Your answer should hold exactly the lines below from the line with "Laminatboden in Eichenoptik" through the line with "Building Photo - 2031 Locust St", both included, and no pictures at all.

** EXTRACTED DATA **
****************************************

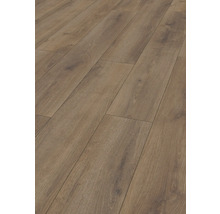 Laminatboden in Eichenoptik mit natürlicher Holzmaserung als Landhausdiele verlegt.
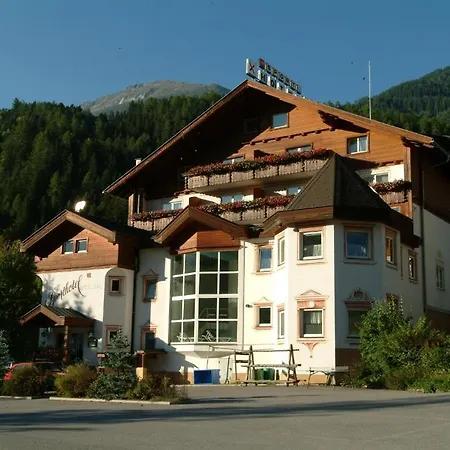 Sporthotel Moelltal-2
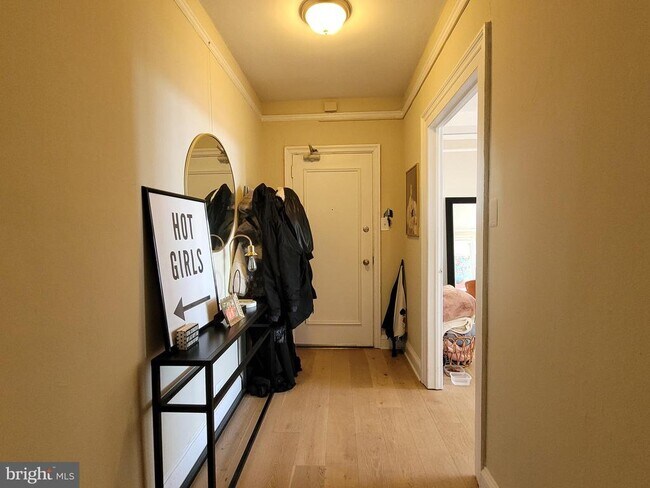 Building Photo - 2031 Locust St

****************************************

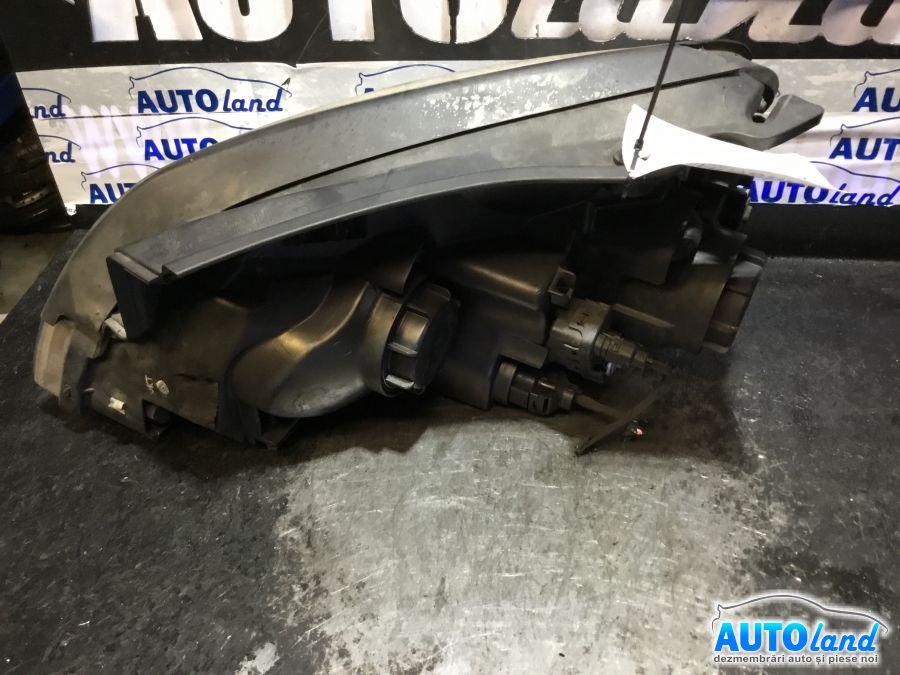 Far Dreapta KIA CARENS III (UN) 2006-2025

****************************************

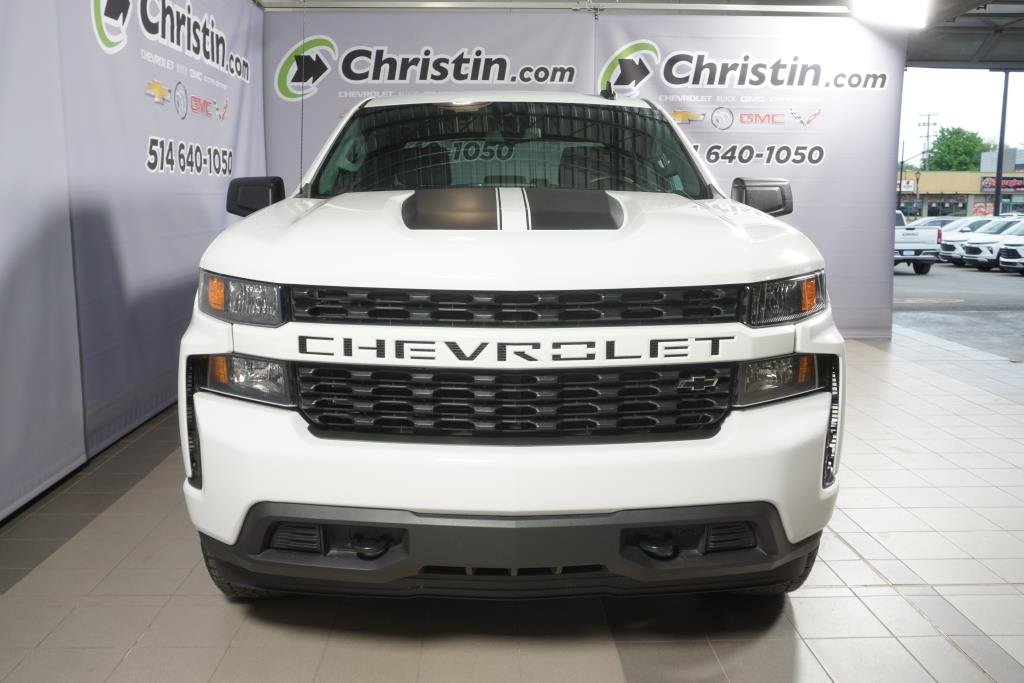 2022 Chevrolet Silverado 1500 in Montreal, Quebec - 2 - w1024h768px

****************************************

** REPLY **
 Laminatboden in Eichenoptik mit natürlicher Holzmaserung als Landhausdiele verlegt.
 Sporthotel Moelltal-2
 Building Photo - 2031 Locust St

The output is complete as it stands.